ECLI:NL:CBB:2001:AB2130
College van Beroep voor het bedrijfsleven
- Eerste aanleg - meervoudig
- H.G. Lubberdink
- M.J. Kuiper
- W.E. Doolaard
- Rechtspraak.nl
Wijziging van steunaanvraag na uiterste indieningsdatum en erkenning van klaarblijkelijke fouten
In deze zaak heeft het College van Beroep voor het bedrijfsleven op 6 juni 2001 uitspraak gedaan in een geschil tussen appellant, vertegenwoordigd door mr. ir J.L. Mieras, en de Minister van Landbouw, Natuurbeheer en Visserij, vertegenwoordigd door mr. J.A. Diephuis. Het geschil betreft de mogelijkheid om een steunaanvraag te wijzigen na de uiterste indieningsdatum, in het licht van een door de bevoegde instantie erkende klaarblijkelijke fout. Appellant had op 10 mei 1999 een aanvraag ingediend voor steun op basis van de Regeling EG-steunverlening akkerbouwgewassen, maar stelde later dat hij abusievelijk een verkeerde bijdragecode had gebruikt, wat leidde tot een misgelopen bedrag van f 10.925,33. De Minister weigerde de aanvraag te wijzigen, omdat er volgens hem geen sprake was van een duidelijke fout.
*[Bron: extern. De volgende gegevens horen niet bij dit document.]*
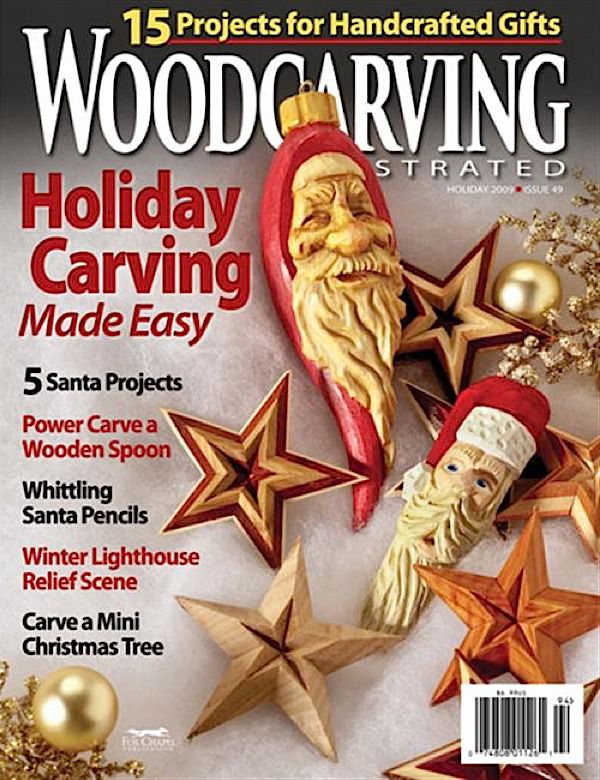Woodcarving Illustrated at Sears.com
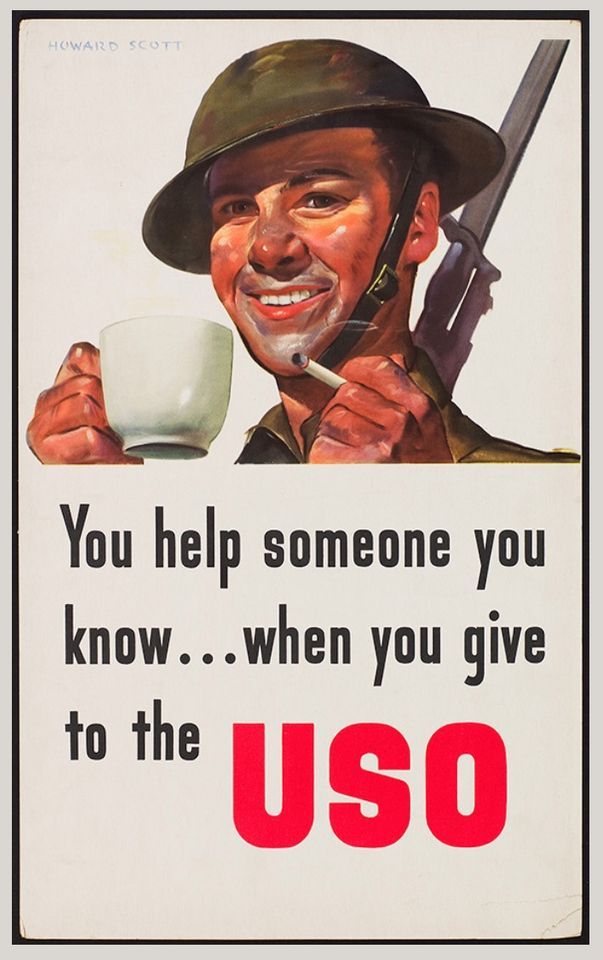 Work, Fight, Give: American Relief Posters of WWII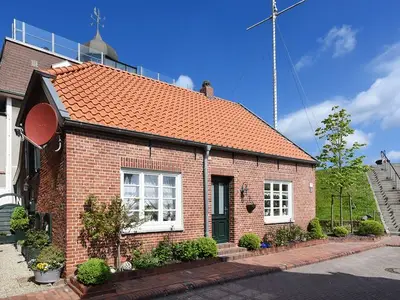 Ferienwohnung für 2 Personen (45 m²) in Neuharlingersiel 7/10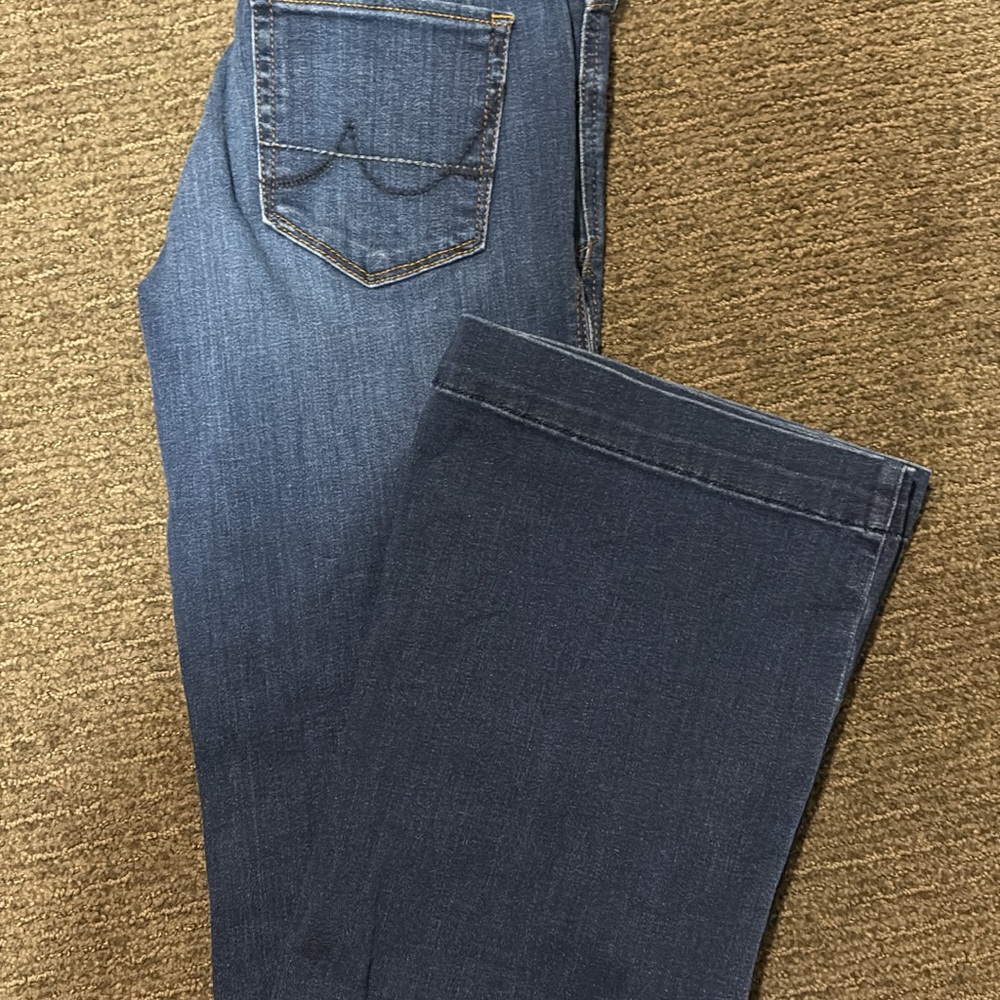 Ariat Dark Blue Women's Flare Jeans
Het College heeft de procedure en de argumenten van beide partijen zorgvuldig overwogen. Het College concludeert dat de Minister zich op goede gronden op het standpunt heeft gesteld dat de aanvraag niet gewijzigd kon worden, omdat er geen duidelijke fouten in de aanvraag waren aangetoond. De Europese regelgeving staat wijziging van aanvragen na de uiterste indieningsdatum alleen toe in geval van klaarblijkelijke fouten, en het College oordeelt dat de door appellant aangevoerde argumenten niet voldoende zijn om aan te nemen dat er sprake was van een dergelijke fout. Het College wijst erop dat de aanvraag consistent en logisch was ingevuld, en dat de Minister niet verplicht was om de motieven van de aanvrager verder te onderzoeken.
Uiteindelijk heeft het College het beroep van appellant ongegrond verklaard, en geen termen aanwezig geacht voor een proceskostenveroordeling. De uitspraak benadrukt de strikte voorwaarden waaronder wijzigingen in steunaanvragen kunnen worden toegestaan, en bevestigt de verantwoordelijkheid van de aanvrager voor de juistheid van zijn aanvraag.